YOUR TASK: Take the line that contains "The Cat's Eye" as the start and the last line of the entries as the end, and print both and everything between them exactly, without the pictures.
====== THE DATA ======
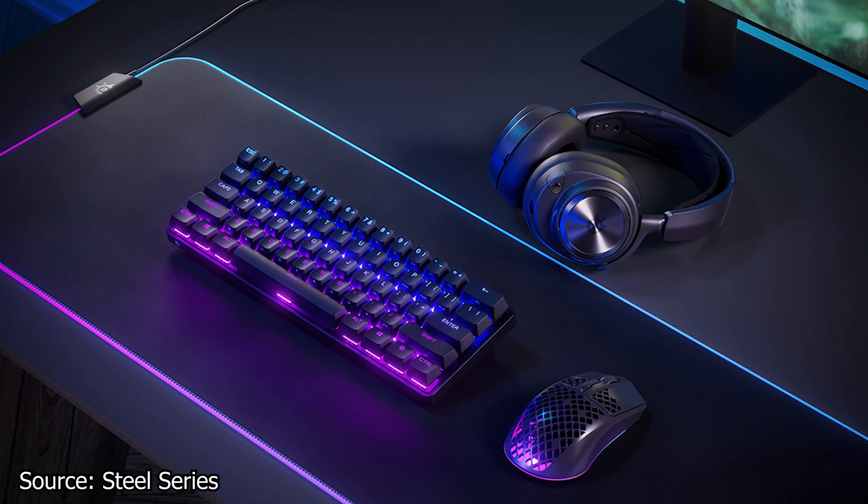And finally, SteelSeries has a new mini gaming keyboard, the Apex Pro Mini. The new keyboard uses OmniPoint 2.0 switches which have magnetic sensors inside them and can be adjusted to fit your needs.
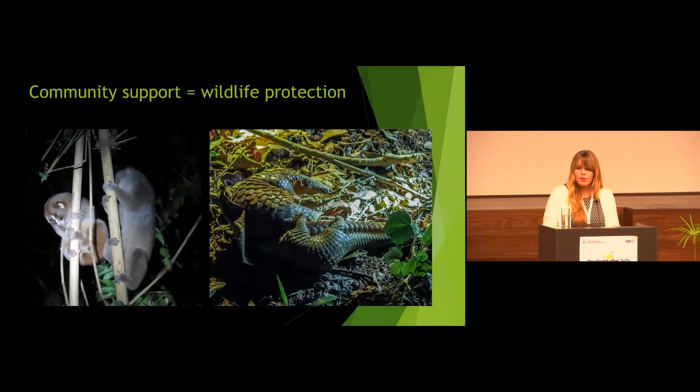This means that by supporting the community, we are protecting the wildlife. I think that this scheme is very, very needed and basic in the conservation of biodiversity — you always need to involve the community to protect wildlife. Here you can see two slow lorises before mating, and a mother with a pup, which used to be quite a rare picture, but now it's much more often.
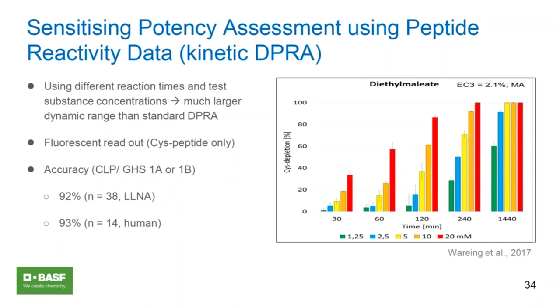Thank you, Susanne. We have seen from the slides that these defined approaches have pretty good predictive capacity, both for binary classification and some also for potency prediction. In some cases, they appear to be even better than the in vivo animal test for predicting responses in humans. This potential of defined approaches was discussed in the context of a workshop of the International Cooperation on Alternative Test Methods, where more than 20 regulatory authorities worldwide from the US, European Union, Korea, Japan, China, Canada, and Brazil were represented, and there was a general consensus on their value.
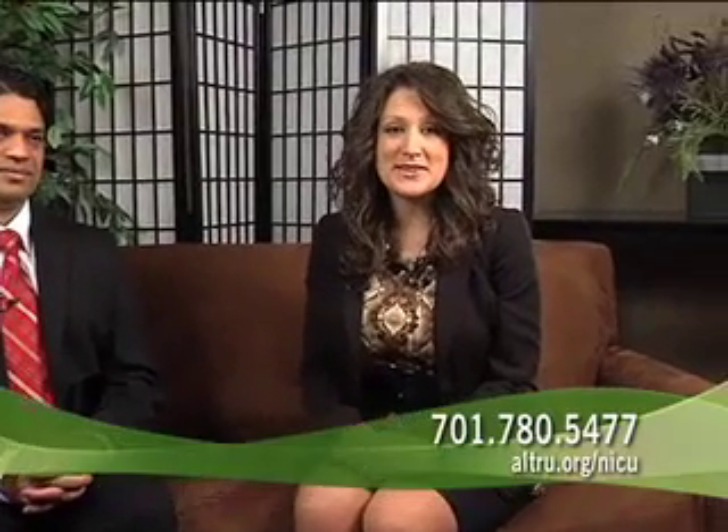Thank you, Doctor. For more information about Altru's neonatal services, call us at 780-5477 or visit us online at altru.org/NICU.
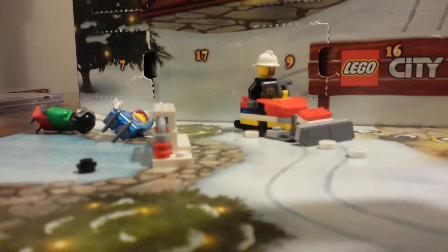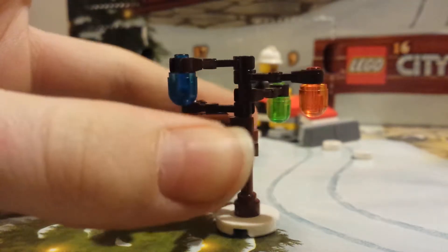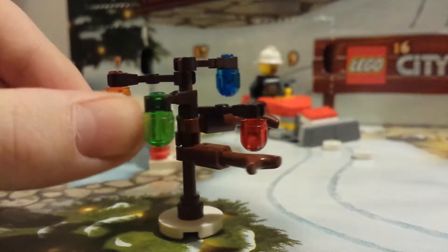Just dropping it on the ground should build it. Ta-da! So it seems to be a dead bush or tree or something with lights on it.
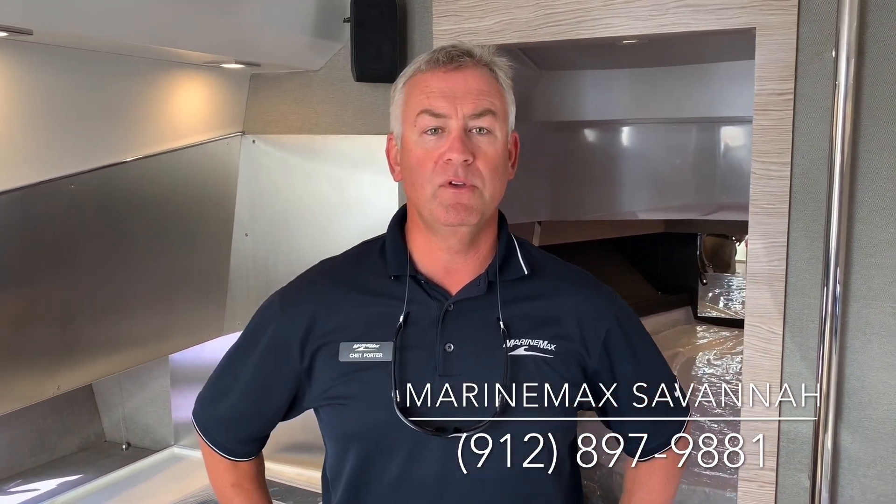So that's pretty much it on the 2019 Azimut Verve 440. If you have any questions, give me a call — Chet Porter, Marine Max Savannah, 912-897-9881. Thank you.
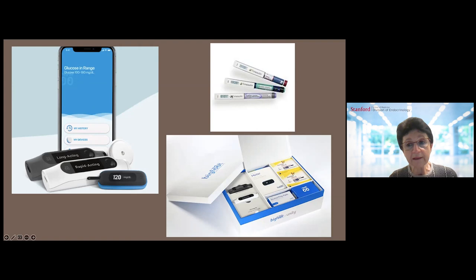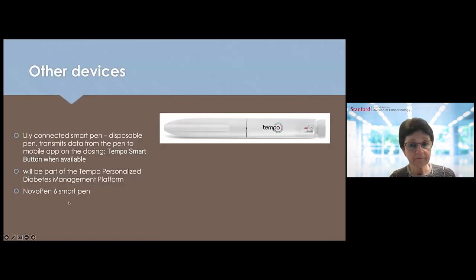The pen caps are placed on the pens — the long-acting insulin pen gets the long-acting cap, and the short-acting insulin pen gets the short-acting cap. It comes as a bundle with the meter, the Libres, and the pens and pen caps. Another smart pen is made by Lilly — the Lilly Connected Smart Pen. It is a disposable pen that transmits dosing data from the pen to the mobile app and features the Tempo Smart Button when available, as part of the Tempo personalized diabetes management platform. Novo Nordisk will also have a NovoPen 6 Smart Pen available in 2023.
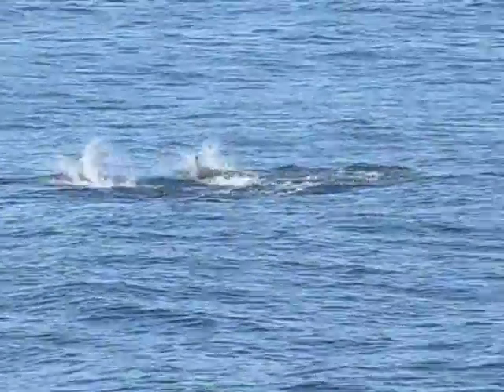It looks like they're not just playing — they are on the move. They're kind of after something, it seems, in an erratic pattern. They keep changing direction. Probably a school of fish.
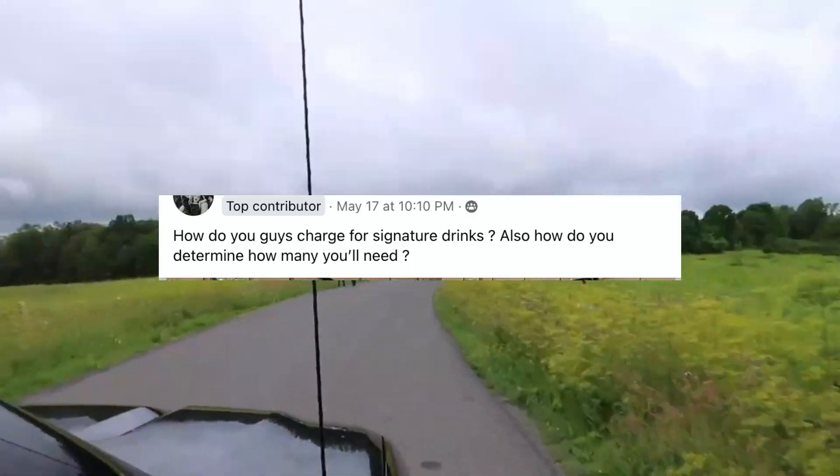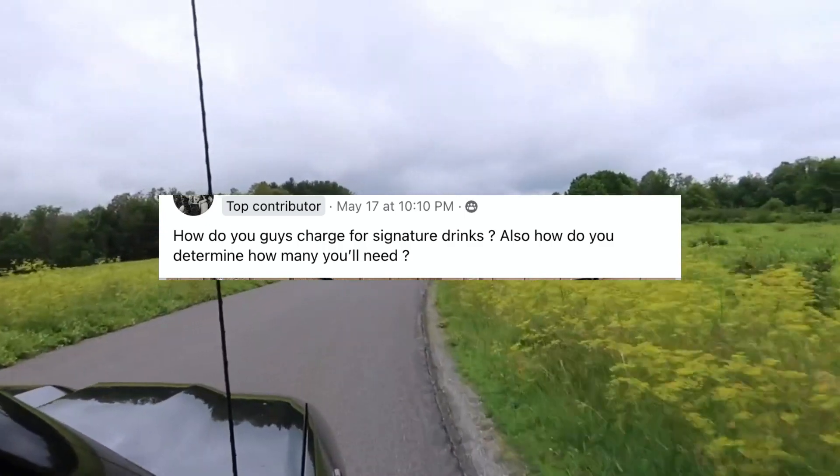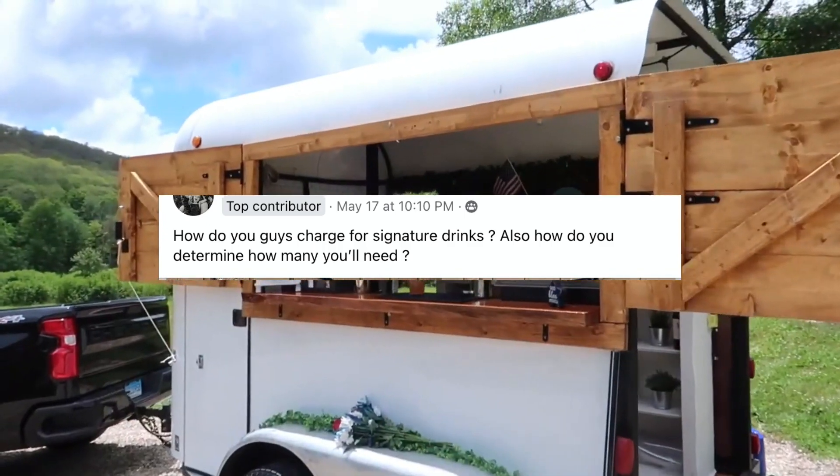How do you guys charge for signature drinks, and how do you determine how many you'll need? A very common question is about pricing.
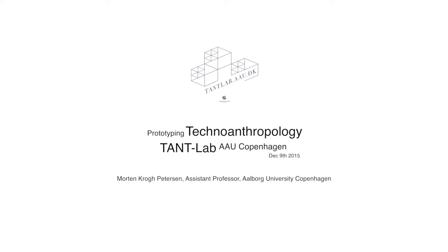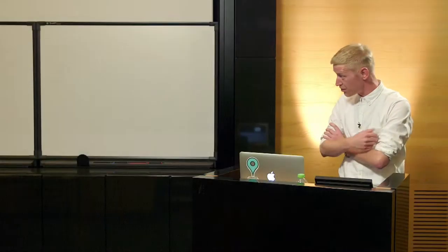Thank you so much, Anders. You are so far away, but I'll try to speak loud enough so you can hear me. Thank you so much to also Astrid and Sine for amazing talks, and I'll try to follow their acts the best that I can.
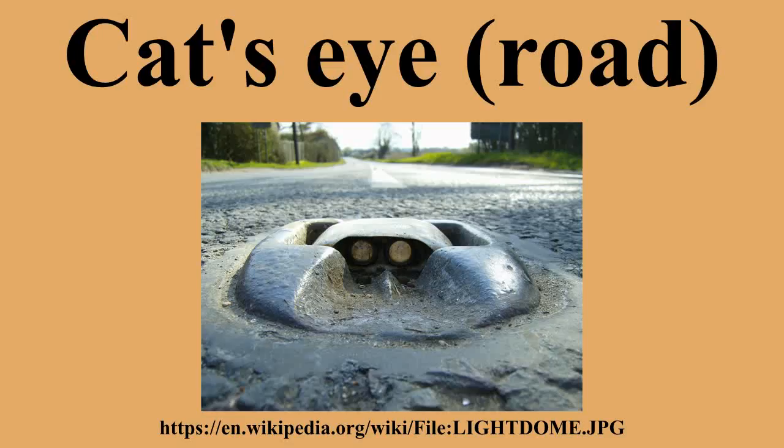The Cat's Eye is a retro-reflective safety device used in road marking and was the first of a range of raised pavement markers. It originated in the UK in 1933 and is today used all over the world.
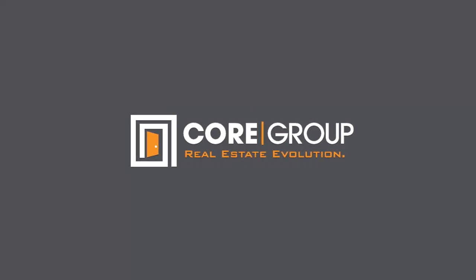Call or message me today to schedule your private showing of 505 Sweetwater Club Circle. Help me sell this home by giving it a thumbs up and sharing it with friends and family today.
======
ANSWER AREA:
The Cat's Eye is a retro-reflective safety device used in road marking and was the first of a range of raised pavement markers. It originated in the UK in 1933 and is today used all over the world.
Call or message me today to schedule your private showing of 505 Sweetwater Club Circle. Help me sell this home by giving it a thumbs up and sharing it with friends and family today.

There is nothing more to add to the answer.